New Yorker Fiction Review: "Madame Lazarus" by Maile Meloy

Issue: June 23, 2014

Story: "Madame Lazarus"

Author: Maile Meloy

My Two Cents: So apparently Maile Meloy is the sister of The Decemberists' frontman, which makes me like her about 0.0237 times less than I did before. Which is to say, I don't really care about that particular piece of information other than for use as party chit-chat. And that is NOT because I don't like The Decemberists. I don't. It's just that it reminds me of the existence of this stratum of Ivy League educated Artistic Uber-Elite which I shan't ever inhabit; a higher and therefore better plane of existence, in which everyone is holding hands at the Great Feast, looking down upon us all with smug dismay.

Okay, okay, so it's not as bad as all that. Sometimes my imagination gets away from me. Besides, I genuinely don't have any wish to inhabit said stratum and, who knows, probably couldn't get in even if I wanted to. Those are not "my people" and never will be. Give me the literature of the People; the literature of the guy who works the midnight shift at the parking garage; the literature of those who botched up their first run at college; those who spent their youths not obsessing about grades and achievements but, IDK, living, fucking up, trying to figure it out, taking the wrong paths. THAT is who I want to hear from (Maybe I need to stop reading the NYer? To be continued...) Anywyay...
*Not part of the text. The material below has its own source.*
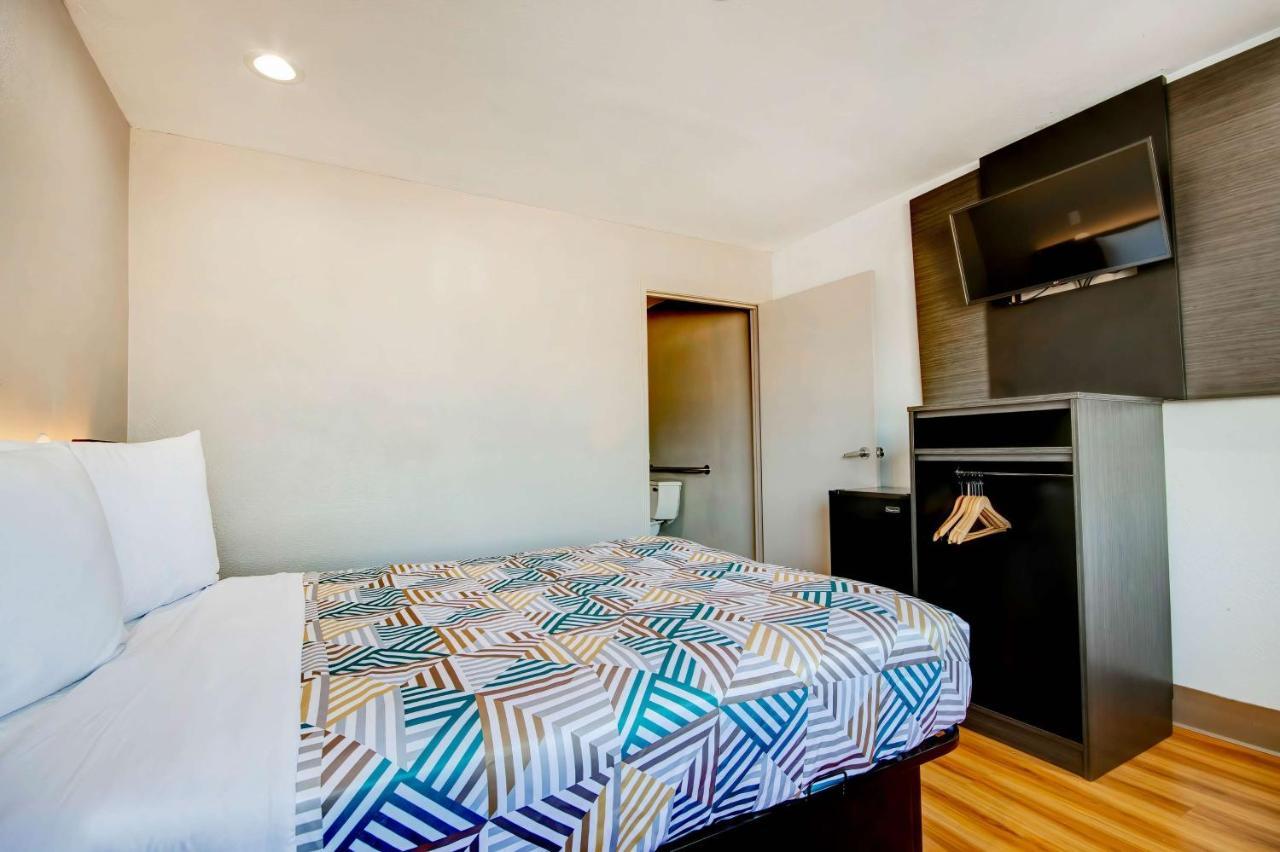 Motel 6-Port Allen, La - Baton Rouge Экстерьер фото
That said, this story was pretty good. It's about an old gay couple who own a dog who dies and comes back to life. The older man is German, the younger man (James) is English. The older man is resigned to watching his once burgeoning romance with James fade away little by little. James is still young, attractive, and sexually powerful, while the main character is, well, not any of those things any more. James is often on the road, and therefore his older German lover (the two live in Paris) is left alone with the little doggie, Cordelia (dubbed Lady Lazarus after her near-death experience).

Eventually, Cordelia (**SPOILER ALERT (AS IF)***) has to be put to sleep, and the old German somehow knows that his romance with James is over. Meloy uses the dog in an interesting way here, as sort of a symbol of this couple's "courtesy" relationship. James had bought the dog for the old German to keep him company while he was a away on business trips, a sort of consolation prize for the fact that James was blatantly not going to be available and engaged like he once was. Therefore Cordelia's death carries even more weight than that of the loss of a beloved pet. For after the death of the consolation prize, what comes next?
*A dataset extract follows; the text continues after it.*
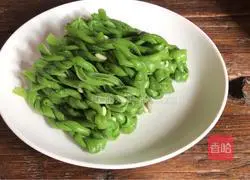 Illustration of how to make spicy cowpea twist 12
I like this story because, while we do live in a gay friendly culture, you don't to read much gay literature that explores the relationship between to male lovers. For whatever reason, you just don't. I mean, the author is a heterosexual (I presume) woman, but still...I like when authors choose to tackle a wholly alien voice or form...kind of like an "escape story" set in a wildly foreign land. And, as with many "escape" stories, the fundamental message is that most human problems, once you strip away the cultural window-dressing, are pretty universal. Gay love is as difficult and heart-breaking and scary as straight love, etc. etc. etc.

The narrator must rise every day and continue to live his life even though he knows he has aged well beyond lust and sexuality and that his lover (most-likely) will soon leave him. But isn't that the deepest and most central human problem of all? The fact that we must push-on in life knowing not only that we're going to die, alone, but also NOT knowing a.) what comes after that or b.) why we were deposited here on earth in the first place. Any art that approaches that conundrum with honesty and reverence will find an audience. Ultimately, this story does that and there's a perfectly valid reason Meloy is successful (not just because she went to Harvard and is part of the Artistic Uber-Elite).